Guns are stolen, cars are stolen, TVs, Home entertainment systems, jewelry, items of sentimental value. I don’t understand your point.


One other thing, my Great Dane runs away from me when I point the TV remote control at him. In fact, if I point my tooth brush at him he runs away. Again, your point ?


justme

You tell me.


SoCalCop

bobfromsanluis says:

02/27/2011 at 1:34 pm


SoCalCop: So, your answer is that any sort of marker, identifier or other means of some sort of batch or manufacturer identification does absolutely nothing in helping professional, investigative officers any help in providing evidence of who committed a gun crime, at all? In your professional opinion, nothing can be done to the rounds to make them identifiable in any means? I just want to see you answer the question straight forward and I will drop my “suggestion”. I find it amusing that no one addressed my comment that there are many who feel that police officers are paid too much but also seemed concerned that ammunition could be too expensive for them to continue to practice handgun proficiency; why the seemingly opposite points of view without any comments? Will you please give me a straight-up answer about “marked” ammunition as an investigative tool? Is there any possibility that such a thing could possibly be of any help to law enforcement?


Bob:


For the sake of argument, let’s say you have a serial numbered case (a 9mm, Federal Hydro Shock round) at the scene of a murder. The case will tell you the caliber, and make. So you contact that company, and they have a data base huge enough to maintain records of the billions of rounds sold to thousands of retailers. Let’s say we’re lucky enough to get a bullet that wasn’t bought outside of California, and fortunately it was bought within 50 miles of the crime scene at the Bass Pro Shop in Rancho Cucamonga. So we get a court order that allows us to look through their records and it comes back to John Doe, on 123 Euclid Av, in Upland, Ca. So we visit John Doe who was Burged a year ago and 50 rounds that he says he kept on the upper shelf of his bedroom closet were stolen while he, his wife and two lovely daughters spent two weeks last summer at Walt Disney World. So who are you going to go after ? Because John, his wife and daughters are tied to the rounds due to guilt by association, you investigate further and discover that John and his family have no further ties to the victim because no other contacts know them.
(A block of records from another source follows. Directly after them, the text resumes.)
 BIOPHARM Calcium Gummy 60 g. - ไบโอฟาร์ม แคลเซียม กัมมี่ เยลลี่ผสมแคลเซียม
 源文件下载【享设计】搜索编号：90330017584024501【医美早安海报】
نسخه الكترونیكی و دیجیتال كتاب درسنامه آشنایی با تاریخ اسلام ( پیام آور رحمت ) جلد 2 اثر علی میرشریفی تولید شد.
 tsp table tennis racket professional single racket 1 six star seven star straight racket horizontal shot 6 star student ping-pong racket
So who do you go after next ?


Here’s another thought. If you wanted to commit a murder, would you use a bullet that could come back to you, or do you obtain a bullet and gun that have no connection to you ? After all, if you intend to commit one felony, what’s one more felony or two relatively minor misdemeanors ? Are you following me Bob ?
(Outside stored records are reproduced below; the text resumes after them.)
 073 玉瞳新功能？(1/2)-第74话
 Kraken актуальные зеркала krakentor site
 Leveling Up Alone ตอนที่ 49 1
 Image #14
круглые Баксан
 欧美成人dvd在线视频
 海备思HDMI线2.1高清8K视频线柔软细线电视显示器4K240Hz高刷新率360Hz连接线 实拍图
When investigating a crime, you usually have people of interest and narrow down the players as you collect evidence that leads to them. If you narrow down the players to nothing, and still have evidence, who do you go to next ? A serial number or some chemical marker isn’t going to accomplish anything that finding a gun and testing it and another bullet won’t accomplish.
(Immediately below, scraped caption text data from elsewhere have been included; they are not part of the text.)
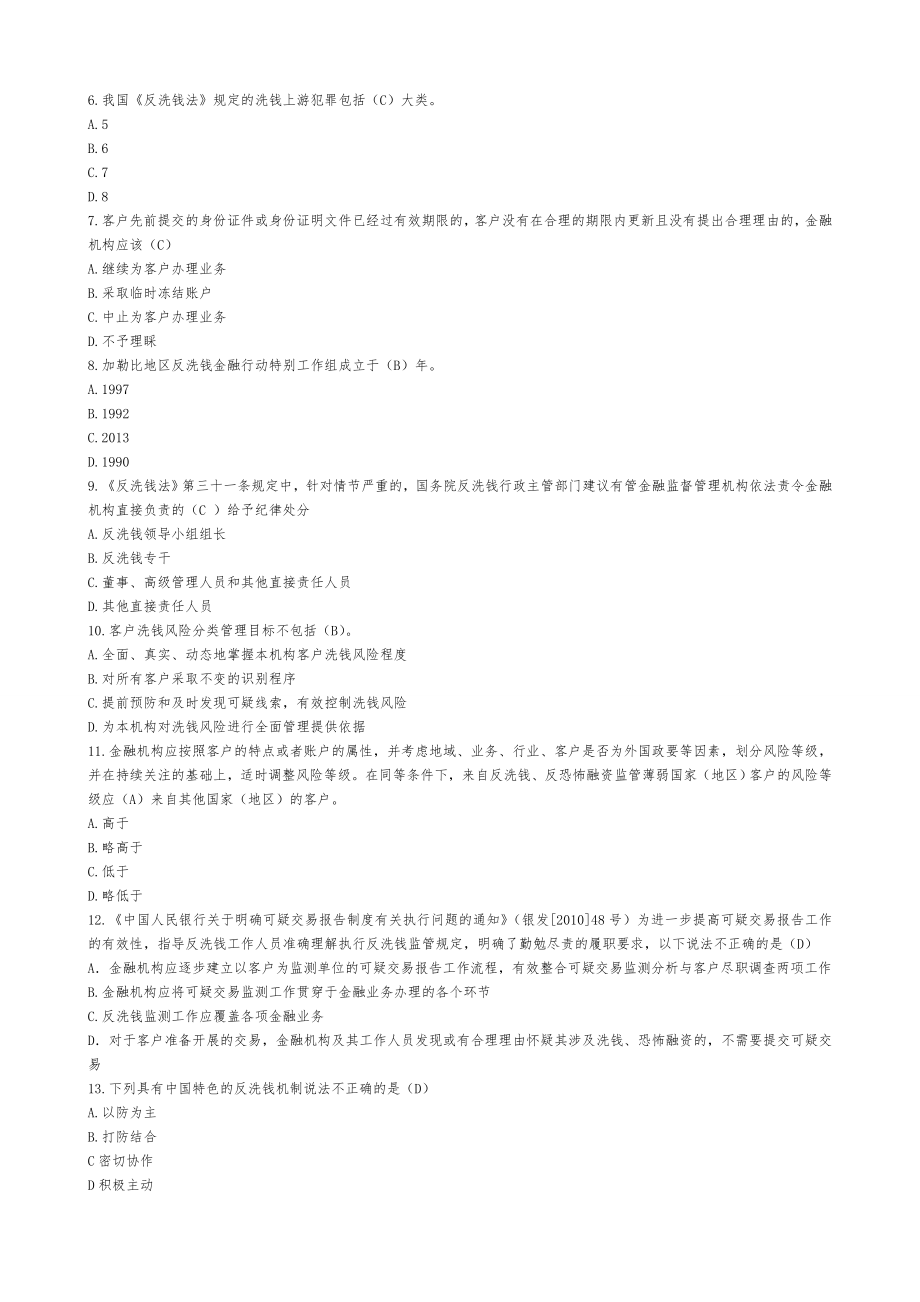 2018年反洗钱考试试题库及答案(法律法规知识)_第4页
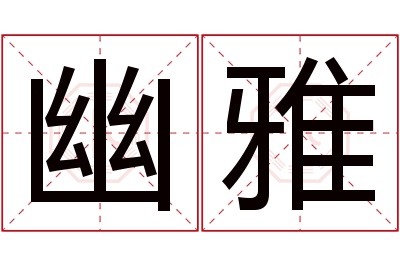 幽雅名字寓意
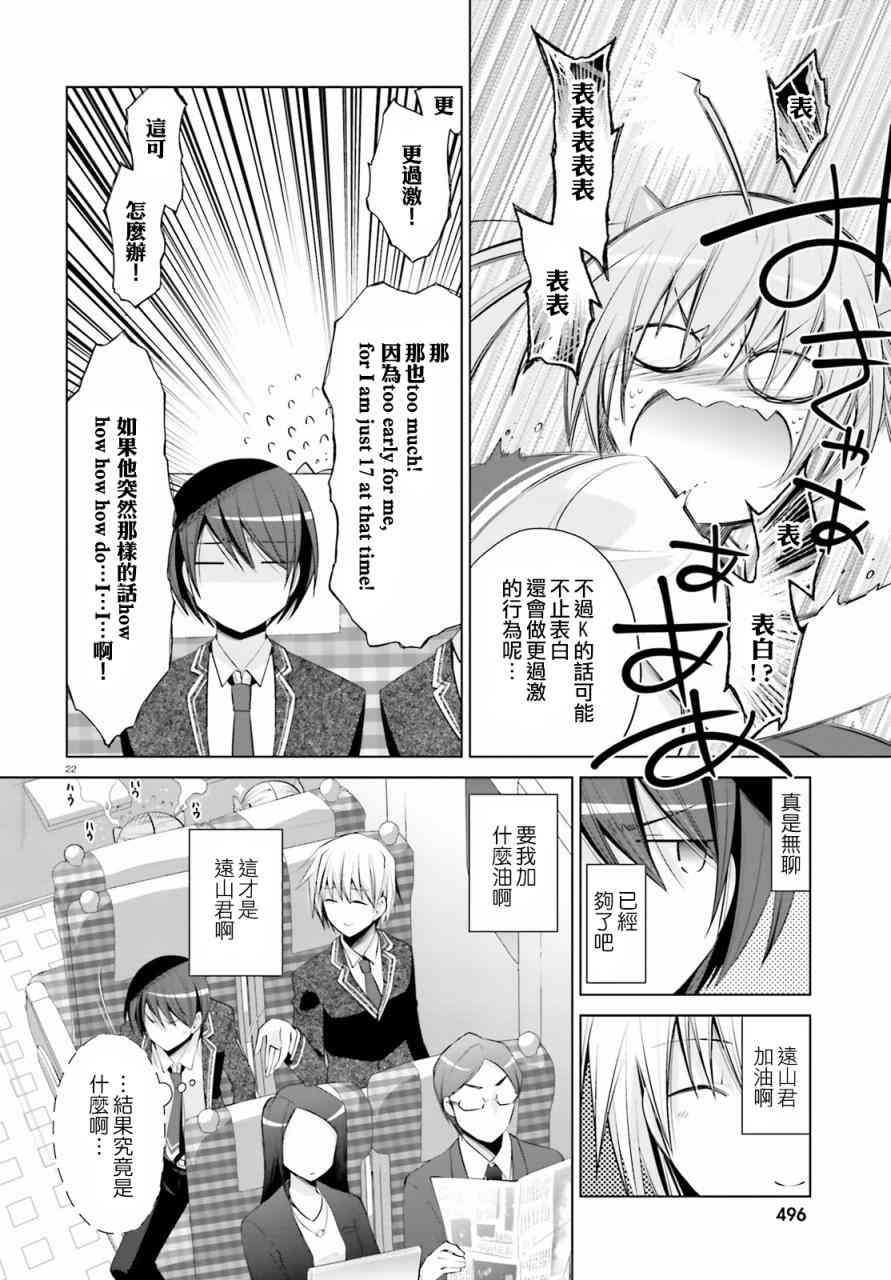 84话21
I don’t know if you’re aware of it or not, but witnesses, physical evidence such as shoe marks, tire marks, finger prints, DNA from hair or body fluids, trace evidence from the victim etc etc, are what catches the criminal more than a gun. If the gun is found, it’s been reported stolen, and has been abandoned somewhere. If you’re lucky enough to actually find the criminal with the gun, he would be my candidate for world’s dumbest criminals. Does that answer your question ?


bobfromsanluis

Yes, it does, thank you. For me, this is the end of the discussion. I hope that all of you who do own handguns are as safety minded as you can be, that no one ever finds or steals any of your guns and do something harmful with them, either to themselves or anyone else, and that you never have to protect yourself by killing someone attacking you. Good luck to all of you, and I mean that in all seriousness. Be safe, please.